There is a term in art-academia known as affect. Difficult to fully describe, the fundamental ideas address the ambience/feeling/vibe of a space, how that feeling can be identified in the senses, transformed by art, and transmitted between audiences. I can think of no better example of affective art than graffiti. When it’s being created, graffiti engages touch, smell, taste, sight and sound. The grip of a gloved hand to a brick wall. The cold stick of paint on a brisk evening. The aerosol that trails behind, sneaking into your nostrils and tickling your taste buds. A drag of a cigarette to embellish the moment. And, perhaps most importantly, that instinctual primitive vibe that dictates your execution.
This is affective. In its very nature, graffiti creates a vibe that is often indescribable. What’s even better is that graffiti plays subjectively on its audience. Some walk right by, some stop to mutter under their breath about vandalism, and others stop to appreciate it. Regardless of the end product, the act is undeniably engaging, moving, and affective.
Day in and night out, graffiti is engaging our streets and communicating across the city. Most art movements have lasted somewhere between 2 and 10 years, but no other movement then graffiti has created a committed subculture that is constantly evolving and expanding into new styles and techniques. Trixter, graffiti legend and co-founder of TAC crew, puts it best in The History of American Graffiti, “Most major art movements — impressionism, pointillism — are still being used by artists today, still being taught in schools, but the culture, the actual movement, generally only lasted a few years, maybe a decade. Graffiti still has its culture, and keeps developing, gaining depth.”

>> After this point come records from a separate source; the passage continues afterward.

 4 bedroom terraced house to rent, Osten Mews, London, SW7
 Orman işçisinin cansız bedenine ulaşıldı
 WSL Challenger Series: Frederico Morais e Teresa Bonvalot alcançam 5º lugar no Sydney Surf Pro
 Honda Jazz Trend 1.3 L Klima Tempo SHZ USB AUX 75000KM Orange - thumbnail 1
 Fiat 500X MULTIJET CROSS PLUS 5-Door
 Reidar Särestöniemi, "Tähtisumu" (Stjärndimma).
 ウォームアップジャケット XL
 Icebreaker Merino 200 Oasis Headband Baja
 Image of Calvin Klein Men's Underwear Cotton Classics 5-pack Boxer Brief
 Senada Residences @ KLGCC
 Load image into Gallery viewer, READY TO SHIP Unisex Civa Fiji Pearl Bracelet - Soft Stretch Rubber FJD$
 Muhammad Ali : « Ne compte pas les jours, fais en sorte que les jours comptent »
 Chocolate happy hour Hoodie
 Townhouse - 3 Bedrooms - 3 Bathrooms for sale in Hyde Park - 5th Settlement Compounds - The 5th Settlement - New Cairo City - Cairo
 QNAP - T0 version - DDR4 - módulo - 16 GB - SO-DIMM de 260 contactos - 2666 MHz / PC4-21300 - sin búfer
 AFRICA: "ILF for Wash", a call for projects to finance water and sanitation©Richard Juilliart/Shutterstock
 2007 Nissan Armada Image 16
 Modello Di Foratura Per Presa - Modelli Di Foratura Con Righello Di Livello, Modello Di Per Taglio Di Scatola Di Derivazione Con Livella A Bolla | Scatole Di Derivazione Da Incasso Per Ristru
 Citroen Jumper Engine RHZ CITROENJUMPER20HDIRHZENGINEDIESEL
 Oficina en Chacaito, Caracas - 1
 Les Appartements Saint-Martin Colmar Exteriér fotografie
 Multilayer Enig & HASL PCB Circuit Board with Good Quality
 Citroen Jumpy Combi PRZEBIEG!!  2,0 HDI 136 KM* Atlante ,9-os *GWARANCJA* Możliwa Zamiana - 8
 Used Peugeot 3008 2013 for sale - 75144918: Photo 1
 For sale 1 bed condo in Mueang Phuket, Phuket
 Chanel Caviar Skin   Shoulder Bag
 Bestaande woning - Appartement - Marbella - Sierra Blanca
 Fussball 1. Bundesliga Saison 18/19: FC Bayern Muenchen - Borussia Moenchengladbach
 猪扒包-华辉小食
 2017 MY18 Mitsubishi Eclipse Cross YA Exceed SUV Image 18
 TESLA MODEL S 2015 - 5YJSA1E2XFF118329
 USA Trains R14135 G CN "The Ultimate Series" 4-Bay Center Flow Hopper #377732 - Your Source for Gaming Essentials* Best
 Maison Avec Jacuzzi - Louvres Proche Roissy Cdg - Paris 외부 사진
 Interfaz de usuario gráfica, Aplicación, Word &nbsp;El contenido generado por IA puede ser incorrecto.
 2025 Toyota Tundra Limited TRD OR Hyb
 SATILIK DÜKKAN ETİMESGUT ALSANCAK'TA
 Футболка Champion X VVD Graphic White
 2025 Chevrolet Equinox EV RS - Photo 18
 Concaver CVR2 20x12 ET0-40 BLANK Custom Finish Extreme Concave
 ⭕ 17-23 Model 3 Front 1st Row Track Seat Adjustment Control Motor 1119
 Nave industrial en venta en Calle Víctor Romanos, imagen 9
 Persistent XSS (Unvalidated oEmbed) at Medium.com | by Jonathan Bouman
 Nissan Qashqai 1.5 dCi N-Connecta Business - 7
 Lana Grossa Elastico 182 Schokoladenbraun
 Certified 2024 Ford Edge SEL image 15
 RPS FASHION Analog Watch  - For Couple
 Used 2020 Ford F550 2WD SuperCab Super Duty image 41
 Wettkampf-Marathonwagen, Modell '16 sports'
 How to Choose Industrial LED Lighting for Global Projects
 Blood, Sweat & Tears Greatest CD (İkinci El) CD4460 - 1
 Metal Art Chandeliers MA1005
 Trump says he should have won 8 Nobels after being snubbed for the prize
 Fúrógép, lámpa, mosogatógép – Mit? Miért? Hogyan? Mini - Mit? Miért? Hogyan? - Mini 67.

It’s hard to imagine an art scene with devoted Surrealists and Modernists mingling over some new markers and blackbooks, these things were not built to last, they weren’t built in the streets. Graffiti however is a movement and subculture based in social, political, artistic and communal values. It invites change and individual style as opposed to mimicry and repetition. With this flexibility and longevity, the impact graffiti has and will have on our society is infinite. It doesn’t need an invitation, in fact I believe graffiti is better off without one. The process of graffiti is inherently engaging no matter where on the street you stand. Engaging the senses, engaging the streets. That’s Gr’affective, and that’s worth recognizing.